Je n’avais pas spécialement envie de « monter une boîte » mais petit à petit j’ai compris le secteur dans lequel je voulais travailler. À l’époque je connaissais l’entreprenariat et les fondations comme celle de L’Oréal et j’avais envie de faire un travail qui ait du sens sans forcément travailler dans le public ou sur de la vente produit.

J’entendais parler d’entrepreneuriat social et j’ai commencé à aller à des événements et à m’y intéresser. Au début c’était un peu bizarre pour moi parce que c’est un milieu où tout le monde se connaît et j’arrivais sans projet mais j’ai persévéré pour rencontrer des gens et me faire une idée. Puis j’ai commencé à participer à des événements spécifiques à mon secteur, j’ai intégré la délégation française des jeunes de l’UNESCO et le gros déclic a été un start-up week-end.
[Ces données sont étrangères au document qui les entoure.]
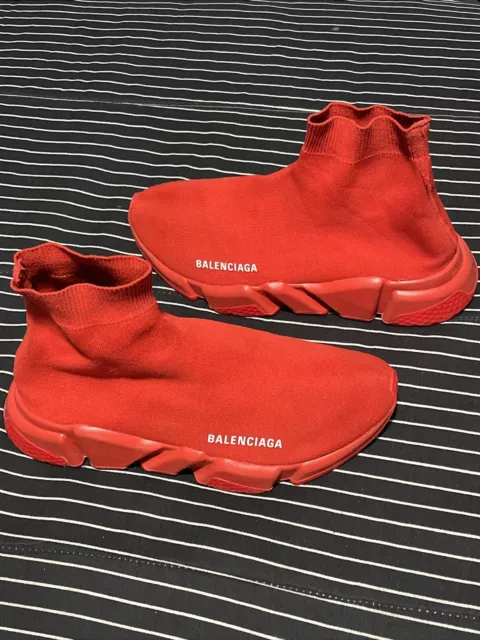 Balenciaga Speed Trainer Red UK Size W5 Fits US W8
J’entendais parler d’entrepreneuriat social et j’ai commencé à aller à des événements et à m’y intéresser.

Qu’est-ce qui s’est passé pendant ce week-end ?

C’était un start-up week-end sur l’entreprenariat social. Donc comme dans tous ces événements, tu as du vendredi soir au dimanche soir pour aller le plus loin possible dans la construction d’un projet. Il y a des développeurs, des graphistes, et des gens avec des idées qui ont 90 secondes pour convaincre les autres de rejoindre leur équipe et travailler sur l’idée pendant deux jours.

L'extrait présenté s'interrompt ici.